This week at SAPPHIRE NOW Dell is announcing its scale-up solution for SAP HANA. When discussing the announcement at Dell and with others in the industry it became apparent that many people are confused about the difference between scale-out versus scale-up. So in the next few paragraphs I will discuss the differences based upon Advanced Computer Architecture and Parallel Processing, which is the seminal reference in advanced computer architecture.
The term “scaling up” means to use a more powerful single server to process the workload that fits within the server boundaries. For example, by moving to a PowerEdge R920 you are moving to a machine that has more cores on Intel processors. We believe many of the HANA workloads can be handled by a single scale-up server at 2TB of memory.
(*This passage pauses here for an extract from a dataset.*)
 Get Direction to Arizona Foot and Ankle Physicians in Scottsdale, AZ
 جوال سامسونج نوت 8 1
Even with this, there may be a point where scaling up reaches boundaries and the workload grows beyond what a single server can process. That is the reason that we have scale-out.
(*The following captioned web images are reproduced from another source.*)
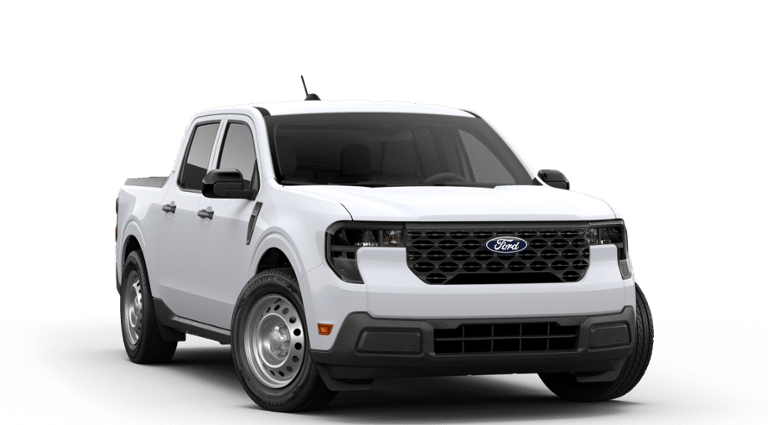 2026 Ford Maverick Truck SuperCrew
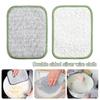 Wiping Rags Kitchen Cleaning Cloths Non-Stick Oil Double-side Dishwashing Cloth Microfiber Dishcloths Reusable Washcloth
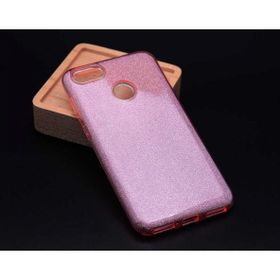 Evastore Huawei Y7 2018 Shining Silikon Kılıf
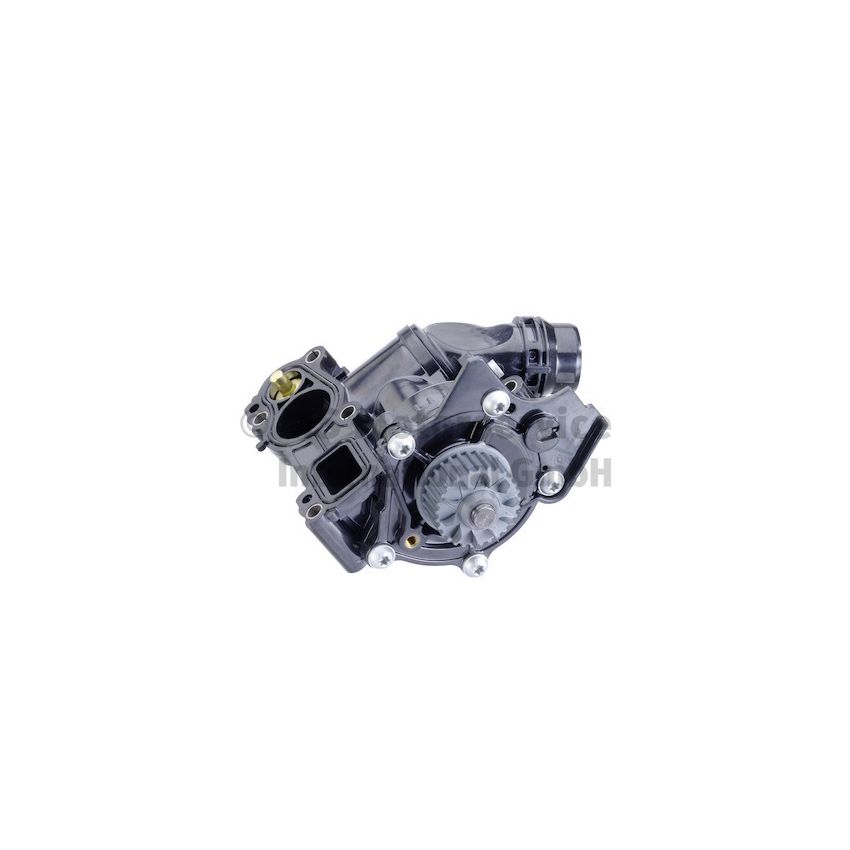 POMPA WODY PIERBURG 707856080 VW 1.8-2.0TFSI 04-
Scale-out is a different model which utilizes multiple processors as a single entity so a business can scale beyond the computer capacity of a single server. The way we accomplish this at Dell is by using technology that was enabled for high performance computing. It is very important that we not only look at the workloads, but at the characteristics of the amount of data that HANA or any other platform might need. We do this by incrementally adding clusters as a workload increases. This is the concept of using relatively small clusters rather than trying to fit the workload in a single scale-up system. This is by far more economical and enables greater scale than a single scale-up system in the right circumstances. We are working on a scale-out solution that will be available very soon upon completion of testing with SAP. Dell will be the first to offer HANA customers this choice.
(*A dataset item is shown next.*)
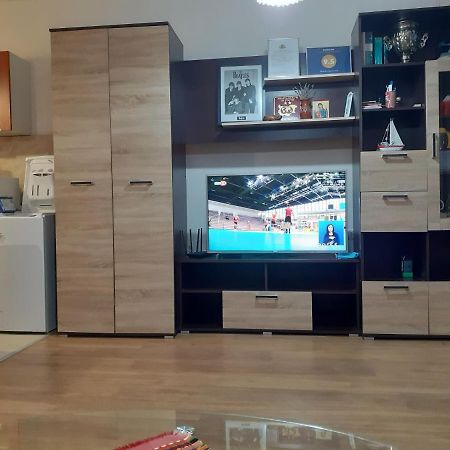 Ddenko Apartment Burgasz Kültér fotó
When a customer is trying to decide between scale-out and scale-up HANA deployment it is important for them to determine how large the HANA database should be and performance characteristics. It’s not either/or but it’s directly inversely proportional to the workload and the cost-effectiveness. The main reason that customers go to scale-out over scale-up is to meet the scaling performance requirements of their environment. Scale-out allows you to combine multiple machines into a virtual single machine with the larger memory pool than a scale-up environment would need. In a scale-up you achieve higher performance over scale-out but are limited to the limitations of a single processor. Scale-up and scale-out do not perform in a linear fashion because the operational significance of the architecture makes scale-out slightly more complex. Put simply, you will not see double the performance of a single machine by adding two together. In a hot environment you will not see double the performance when two machines are combined, but it’s a small price to pay for the architectural overhead.